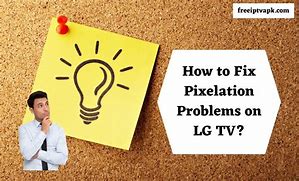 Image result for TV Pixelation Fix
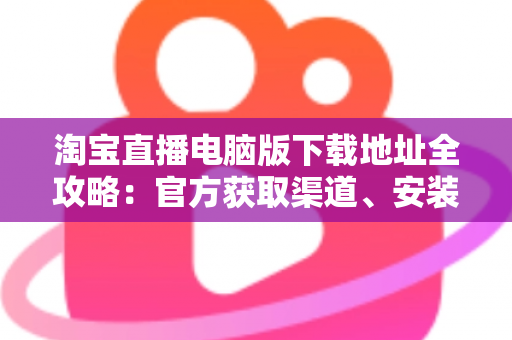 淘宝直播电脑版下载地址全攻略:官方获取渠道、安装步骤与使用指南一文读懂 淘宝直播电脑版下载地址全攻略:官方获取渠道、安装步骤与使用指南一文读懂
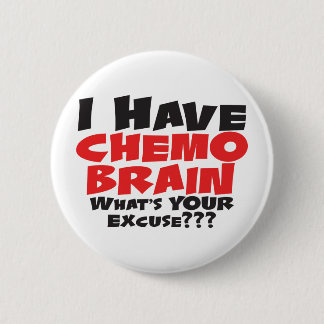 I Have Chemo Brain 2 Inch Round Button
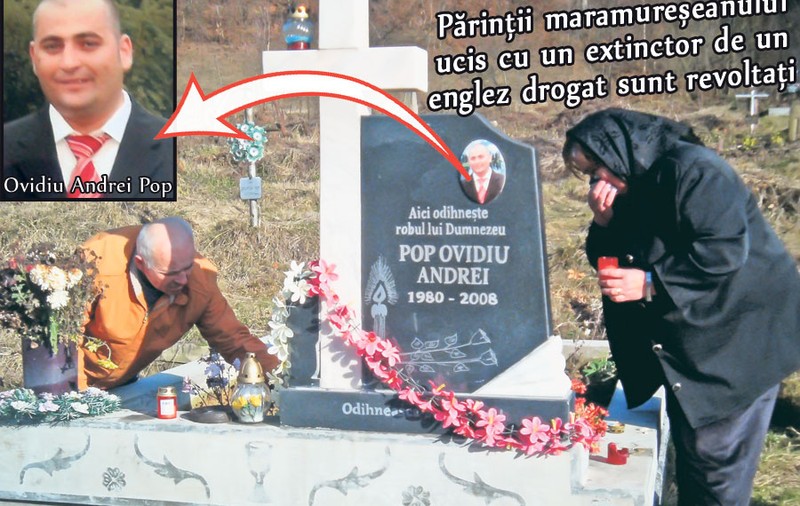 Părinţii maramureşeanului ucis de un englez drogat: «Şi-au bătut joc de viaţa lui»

■ **Directions**:
The answer is the whole listing retyped exactly, with pictures omitted.

■ **Solution below**:
 Image result for TV Pixelation Fix
 淘宝直播电脑版下载地址全攻略:官方获取渠道、安装步骤与使用指南一文读懂 淘宝直播电脑版下载地址全攻略:官方获取渠道、安装步骤与使用指南一文读懂
 I Have Chemo Brain 2 Inch Round Button
 Părinţii maramureşeanului ucis de un englez drogat: «Şi-au bătut joc de viaţa lui»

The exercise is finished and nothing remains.